The suit was filed by a flight attendant who claims to have seen the pilots livestreaming video from the plane’s washroom.
A Southwest Airlines flight attended is suing the carrier for retaliation, saying she was punished for reporting two pilots who were livestreaming video from an airplane washroom.
According to AZCentral.com, Southwest has unilaterally denied all allegations, saying there was no camera in any bathroom.
The suit itself was filed in District Court. The plaintiff is named as Renee Steinaker, a Phoenix resident and experienced Southwest flight attendant. The complaint cites an incident that allegedly took place on February 27, 2017. Two and a half hours into a journey between Pittsburgh and Phoenix, Cpt. Terry Graham asked Steinaker to stand in the cockpit so that he could use the restroom—Southwest, notes AZCentral, requires two crew members to be in the cockpit at all times.

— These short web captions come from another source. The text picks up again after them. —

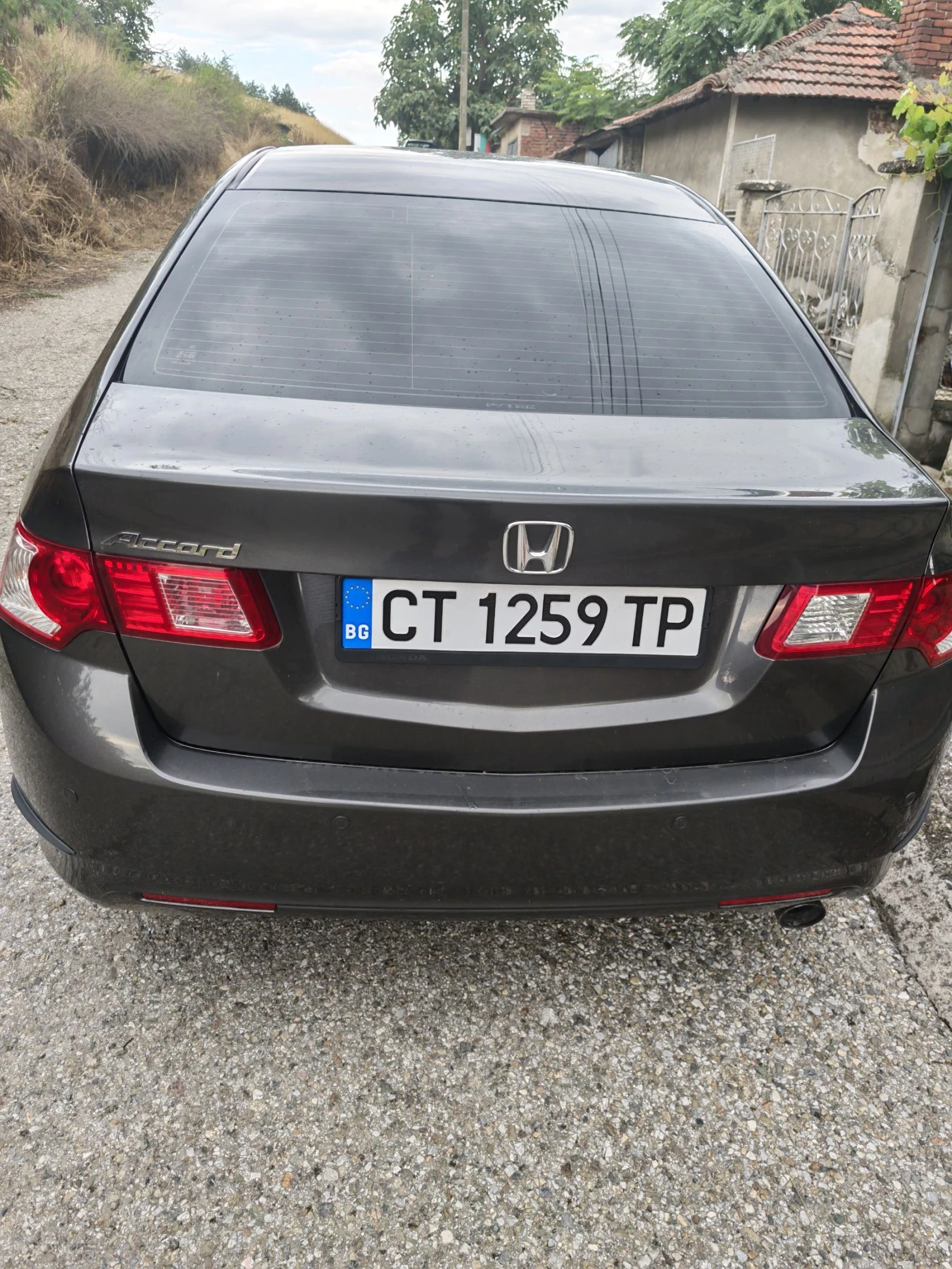 Honda Accord 2.0 155k.s, снимка 12 - Автомобили и джипове - 55266111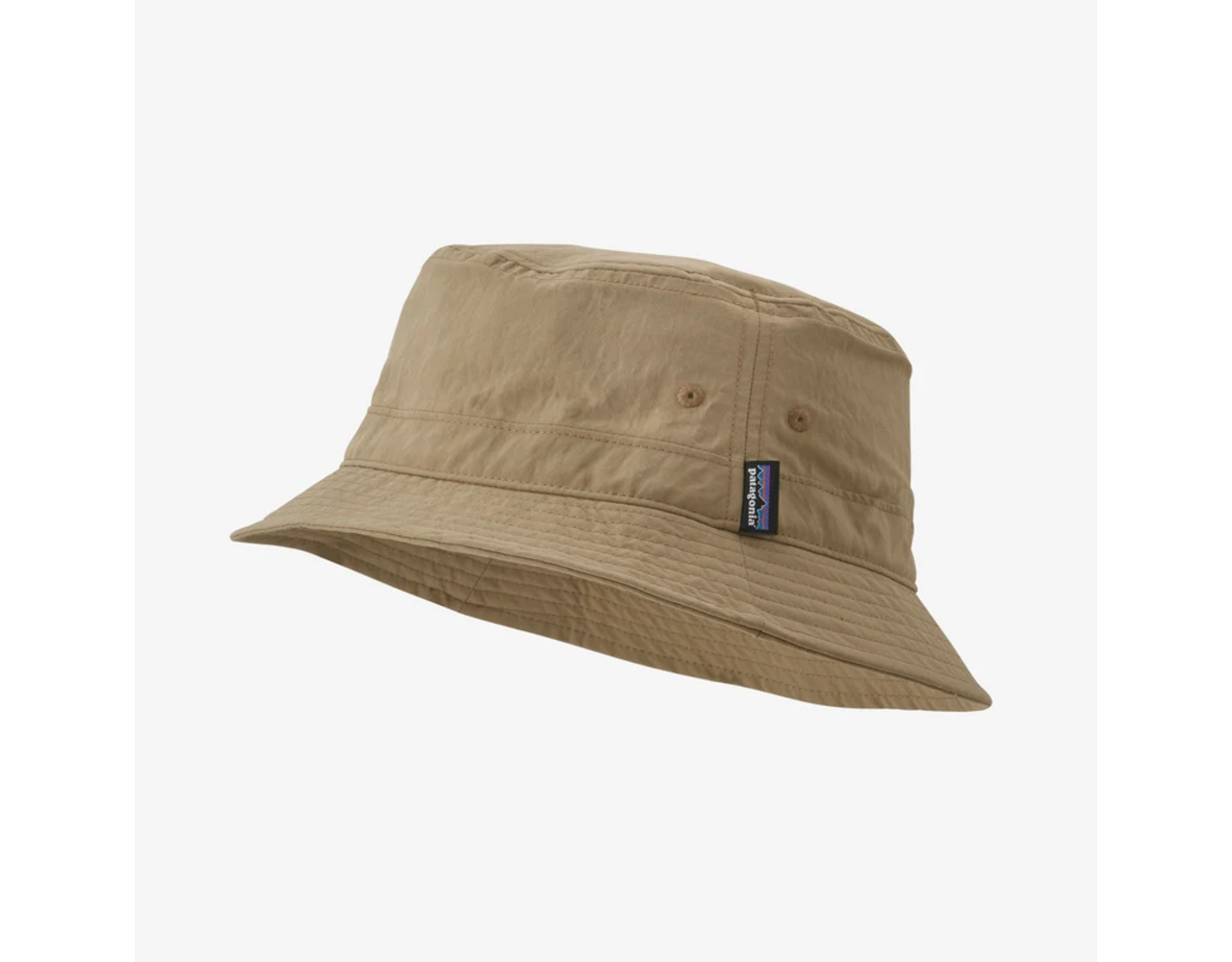 Patagonia Wavefarer Bucket Hat Mojave Khaki - Behind the Pines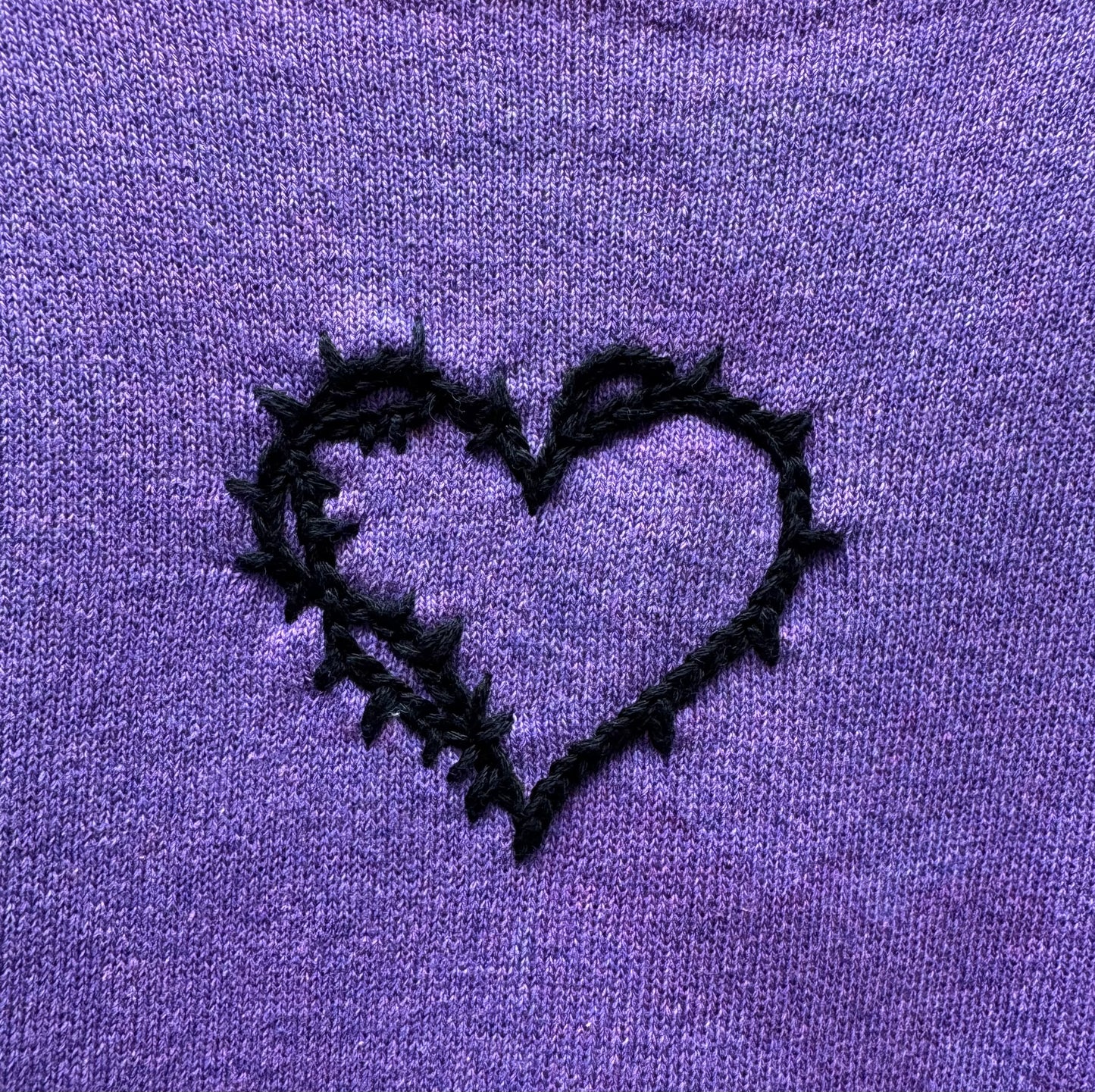 Thorn Heart Sweatshirts (20 Colors)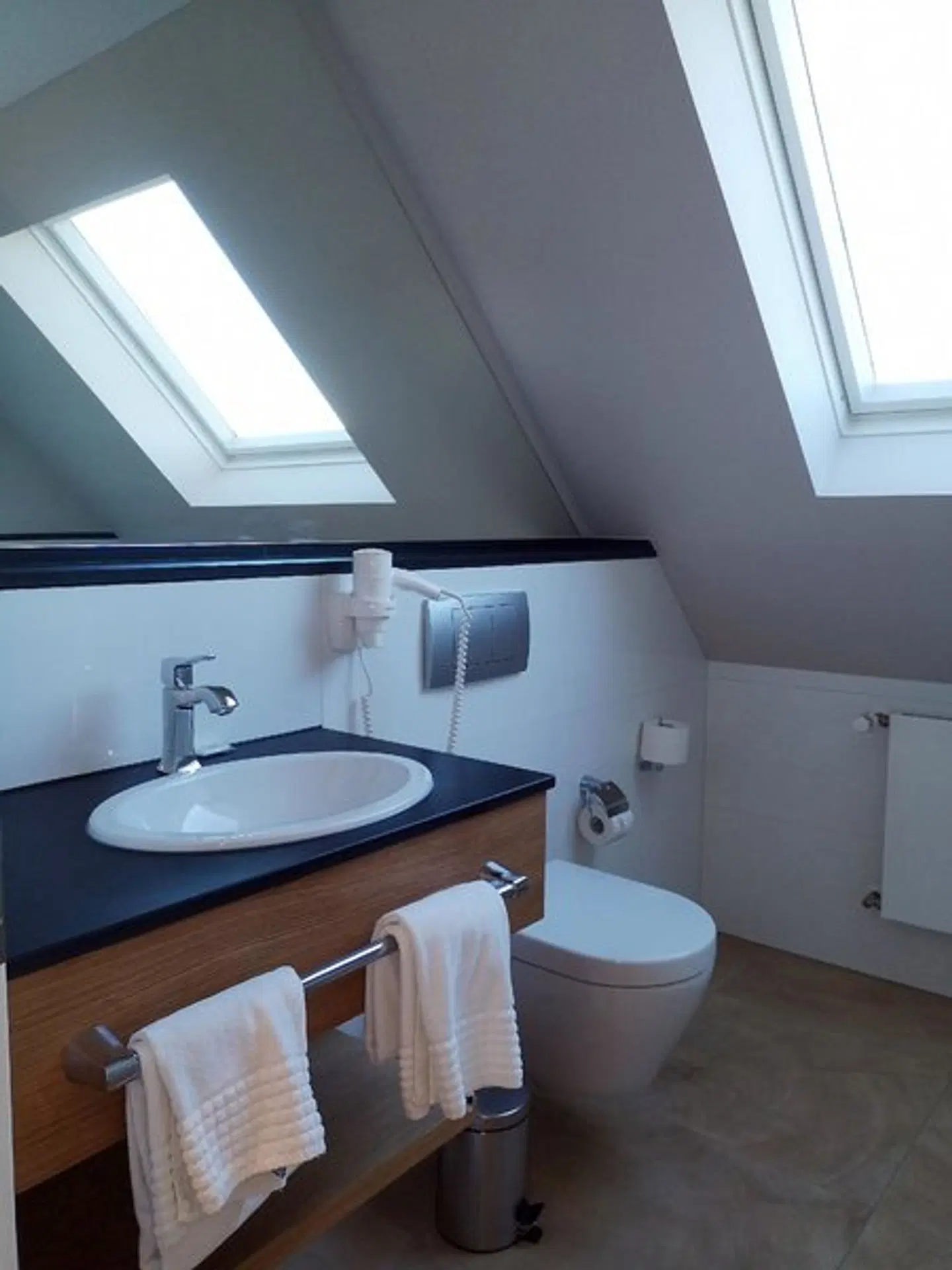 Donner Badezimmer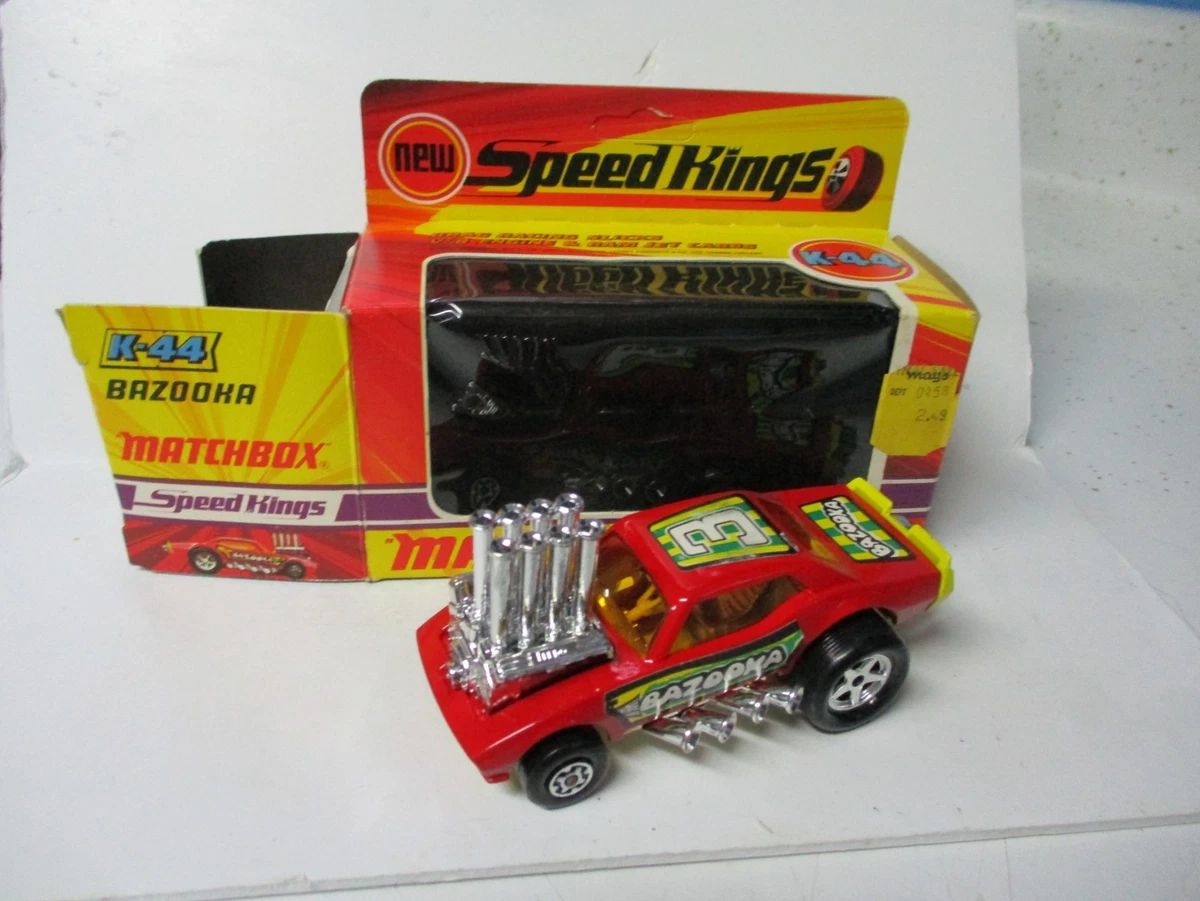 Matchbox Superkings Diecast & Toy Vehicles for sale - eBay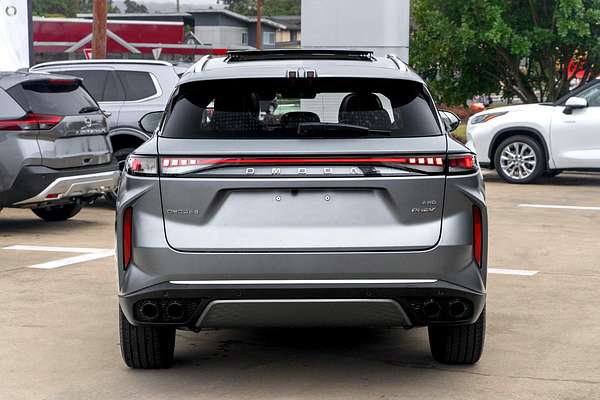 2025 Omoda Omoda 9 Virtue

When Steinaker entered the cockpit, she saw an iPad mounted to the plane’s windshield. On it, she could see a livestream of Graham using the bathroom.
Then, says the suit, co-pilot Ryan Russell panicked. He tried to convince Steinaker that the iPad and cameras were part of a top-secret security initiative, which Southwest Airlines was participating in.
Steinaker, skeptical of the co-captain’s claims, took a picture of the iPad with her cellphone.
“They led her to believe that she and others had been filmed—had been videotaped if you will—while they were using the lavatory. It’s really hard to imagine a more outrageous kind of conduct,” said attorney Ronald L.M. Goldman, who’s representing Steinaker in the suit.
Once the flight touched down Phoenix, the pilots allegedly violated federal law by “[disembarking], leaving the aircraft unattended by piloting staff.” Steinaker also claims that Graham “left a loaded firearm unattended in the cockpit, a violation of FAA regulations.”
Steinaker says that she, along with other crew members, reported the incident to Southwest. However, Graham and Russell were both allowed to board their next flight. They continued to pilot Southwest flights unimpeded.
The lawsuit states that Steinaker was pressured to keep the incident under wraps, told that “if this got out, if this went public, no one, I mean no one, would ever fly our airline again.”
Since reporting the incident, Steinaker says she and her husband—also a Southwest flight attendant—have been subject to retaliation, which has included stalking and “bizarre” monitoring by managers.
“In my view, Southwest Airlines has treated this as ‘how dare they report it’ rather than ‘thank you for letting us know,’” Goldman said.
While Southwest didn’t provide The Arizona Republic with extensive comment, the company did say that it never places cameras in airplane washrooms, ever.
“The safety and security of our employees and customers is Southwest’s uncompromising priority,” it said. “As such, Southwest does not place cameras in the lavatories of our aircraft. At this time, we have no comment on the pending litigation.”